Sobre a relação com a Mistral, Vieira garante que
recorreu ao Ministério Público do Trabalho. Após intermediação do órgão, o
Zoológico ficou autorizado a pagar os salários dos terceirizados — e assim o
fez, garante o presidente. Ele também diz que todas as falhas na execução do
contrato foram apuradas e que a nomeação de apenas uma pessoa para a comissão
“está de acordo com a lei”. A respeito do novo recinto do felino, Vieira
justifica estar em fase de conclusão e que o atraso se deu por causa da “chuva
e do reduzido quadro de funcionários na instituição”. Sobre as nomeações de
familiares de Alceir, ele ressalta que ocorreu conforme a legislação.

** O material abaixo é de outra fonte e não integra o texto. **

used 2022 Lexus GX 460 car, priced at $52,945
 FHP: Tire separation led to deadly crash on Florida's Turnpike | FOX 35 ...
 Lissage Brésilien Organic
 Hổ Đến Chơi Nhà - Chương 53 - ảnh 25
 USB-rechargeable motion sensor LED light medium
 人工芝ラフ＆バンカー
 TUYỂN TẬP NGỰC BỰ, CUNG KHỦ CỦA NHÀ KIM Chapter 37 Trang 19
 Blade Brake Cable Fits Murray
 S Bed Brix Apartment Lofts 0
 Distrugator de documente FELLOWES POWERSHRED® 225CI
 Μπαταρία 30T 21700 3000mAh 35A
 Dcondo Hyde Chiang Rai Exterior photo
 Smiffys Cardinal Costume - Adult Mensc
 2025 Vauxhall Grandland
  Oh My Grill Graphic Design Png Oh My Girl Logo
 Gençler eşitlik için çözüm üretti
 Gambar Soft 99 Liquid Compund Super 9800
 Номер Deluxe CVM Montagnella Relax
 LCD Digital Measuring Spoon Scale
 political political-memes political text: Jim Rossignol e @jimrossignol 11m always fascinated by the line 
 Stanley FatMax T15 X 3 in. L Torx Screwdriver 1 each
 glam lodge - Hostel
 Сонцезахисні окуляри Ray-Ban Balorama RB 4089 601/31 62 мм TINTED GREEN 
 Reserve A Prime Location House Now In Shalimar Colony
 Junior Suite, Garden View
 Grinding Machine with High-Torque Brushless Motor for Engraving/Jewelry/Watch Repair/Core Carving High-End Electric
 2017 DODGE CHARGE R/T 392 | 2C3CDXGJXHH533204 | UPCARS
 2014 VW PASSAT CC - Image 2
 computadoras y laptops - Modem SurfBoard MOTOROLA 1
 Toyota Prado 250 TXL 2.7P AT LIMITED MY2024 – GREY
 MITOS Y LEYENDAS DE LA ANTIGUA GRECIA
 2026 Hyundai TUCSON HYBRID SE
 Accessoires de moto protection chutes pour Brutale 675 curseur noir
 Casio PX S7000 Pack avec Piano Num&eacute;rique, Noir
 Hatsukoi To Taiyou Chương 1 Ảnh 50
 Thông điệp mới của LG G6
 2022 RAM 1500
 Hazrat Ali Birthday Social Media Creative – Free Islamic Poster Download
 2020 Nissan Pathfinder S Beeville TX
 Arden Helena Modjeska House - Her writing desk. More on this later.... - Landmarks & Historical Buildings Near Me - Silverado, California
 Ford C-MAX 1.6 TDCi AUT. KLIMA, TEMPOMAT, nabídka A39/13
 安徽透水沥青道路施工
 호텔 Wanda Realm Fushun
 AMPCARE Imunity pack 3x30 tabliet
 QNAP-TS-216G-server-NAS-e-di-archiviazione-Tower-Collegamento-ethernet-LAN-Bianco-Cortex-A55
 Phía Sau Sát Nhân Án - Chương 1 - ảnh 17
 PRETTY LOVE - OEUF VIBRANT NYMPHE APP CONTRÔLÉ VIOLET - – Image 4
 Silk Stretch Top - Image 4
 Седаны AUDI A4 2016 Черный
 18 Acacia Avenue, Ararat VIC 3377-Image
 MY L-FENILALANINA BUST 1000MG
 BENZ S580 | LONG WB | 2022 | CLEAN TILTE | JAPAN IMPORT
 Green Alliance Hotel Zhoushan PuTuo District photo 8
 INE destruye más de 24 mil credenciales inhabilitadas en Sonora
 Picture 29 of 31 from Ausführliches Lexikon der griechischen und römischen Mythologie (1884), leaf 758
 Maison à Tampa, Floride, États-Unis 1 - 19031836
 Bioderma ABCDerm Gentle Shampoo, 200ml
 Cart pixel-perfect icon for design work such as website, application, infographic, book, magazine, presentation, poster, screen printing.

O Correio procurou a Mistral pelo telefone que
consta no endereço eletrônico da empresa. Um funcionário afirmou que somente o
Departamento Jurídico da companhia poderia esclarecer o caso. Após insistência
da reportagem, ele passou o contato de dois integrantes da empresa que
prestariam esclarecimentos, mas não houve retorno nos dois números informados.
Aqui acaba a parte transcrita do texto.